Task brief =>
In the material below, the line holding "Free Serene mountain" and every line after it should be reproduced exactly, please, with pictures omitted.

<<<<

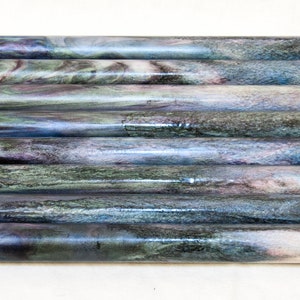 May include: Ten iridescent blue, green, and purple acrylic pen blanks. The blanks have a marbled pattern.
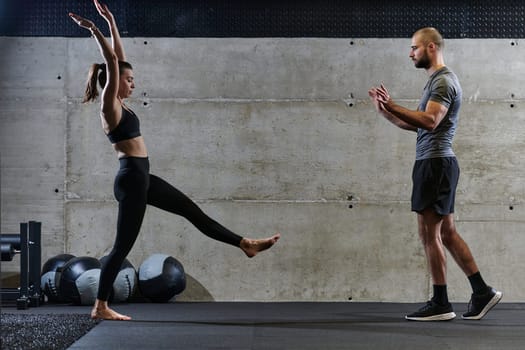 A muscular man assisting a fit woman in a modern gym as they engage in various body exercises and muscle stretches, showcasing their dedication to fitness and benefiting from teamwork and support.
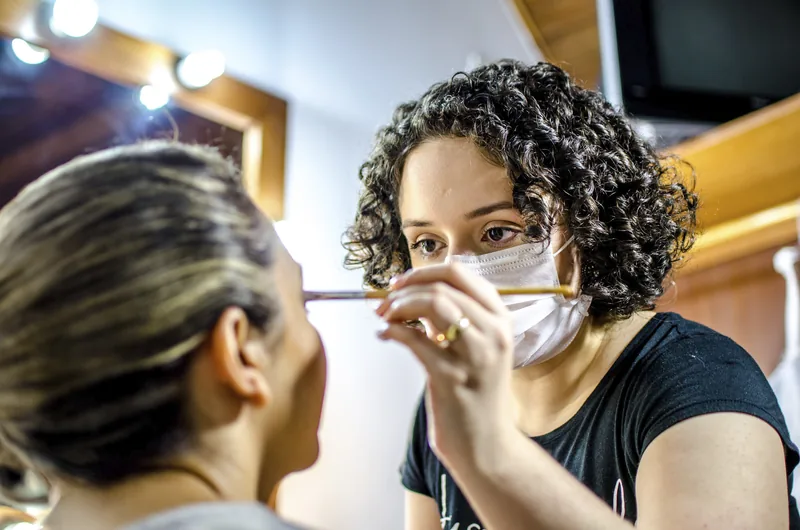 Nathalia aplicando maquiagem no olho da cliente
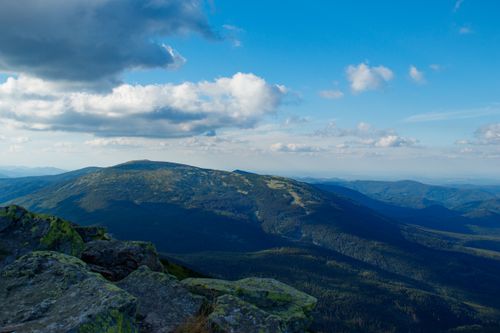 Free Serene mountain landscape with a vibrant blue sky and fluffy white clouds. Stock Photo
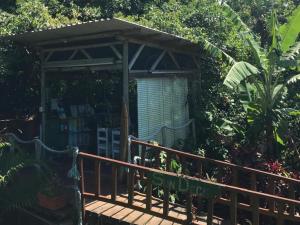 a wooden deck with a gazebo in a garden at Mantis and Moon Surf Paradise & Adventure Lodge in Hibberdene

>>>>

Exercise solution =>
 Free Serene mountain landscape with a vibrant blue sky and fluffy white clouds. Stock Photo
 a wooden deck with a gazebo in a garden at Mantis and Moon Surf Paradise & Adventure Lodge in Hibberdene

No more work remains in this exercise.